[Task instructions]:
Leave the pictures out and restate every line below exactly.

[Data records]:
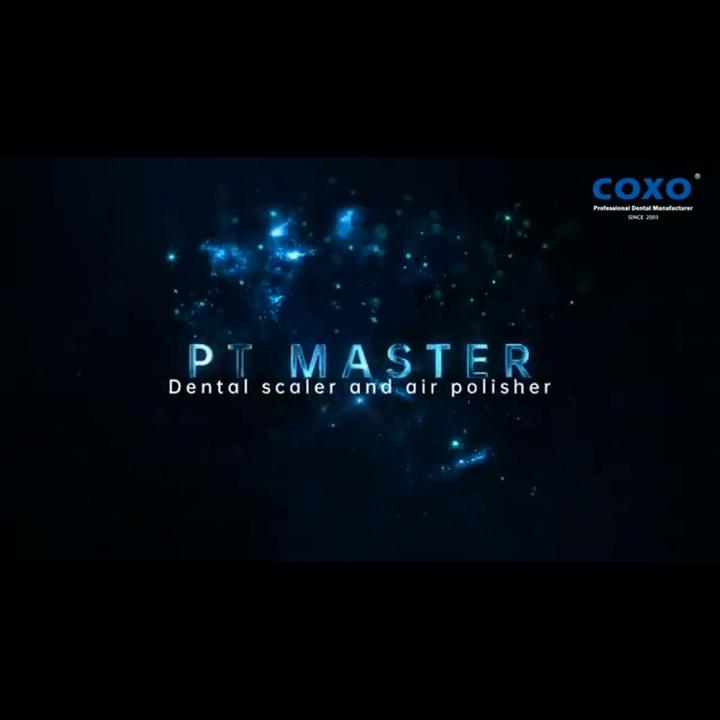 COXO PT Master Dental Ultrasonic Sandblaster Comprehensive and Intelligent Cleaning Solution - Ultrasonic and Sandblasting Two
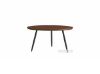 Picture of Daleno Coffee Table in Black *Solid lacquer with Real Walnut Veneer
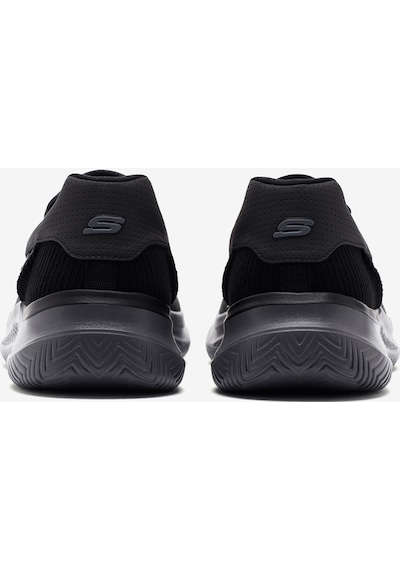 Skechers Hasting - Fielden Erkek Siyah Günlük Ayakkabı 205066 Blk Siyah
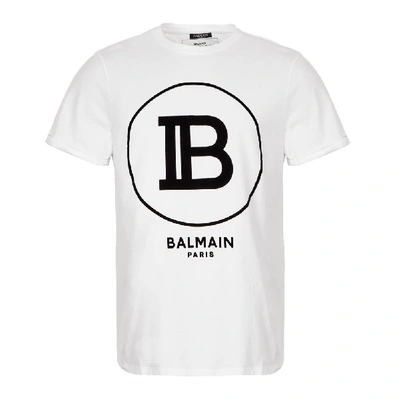 Shop Balmain T In White
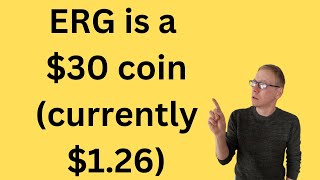 Ergo ERG price prediction 2022  should 22x your money [upl. by Cecilia361]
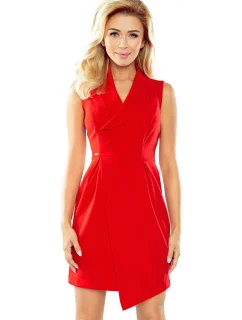 Dámske šaty 153-2 red - NUMOCO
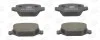 CHAMPION FIAT Тормозные колодки задн.Linea,Alfa Romedo 147,156,Lancia 97- 573014CH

[Result for this exercise]:
 COXO PT Master Dental Ultrasonic Sandblaster Comprehensive and Intelligent Cleaning Solution - Ultrasonic and Sandblasting Two
 Picture of Daleno Coffee Table in Black *Solid lacquer with Real Walnut Veneer
 Skechers Hasting - Fielden Erkek Siyah Günlük Ayakkabı 205066 Blk Siyah
 Shop Balmain T In White
 Ergo ERG price prediction 2022  should 22x your money [upl. by Cecilia361]
 Dámske šaty 153-2 red - NUMOCO
 CHAMPION FIAT Тормозные колодки задн.Linea,Alfa Romedo 147,156,Lancia 97- 573014CH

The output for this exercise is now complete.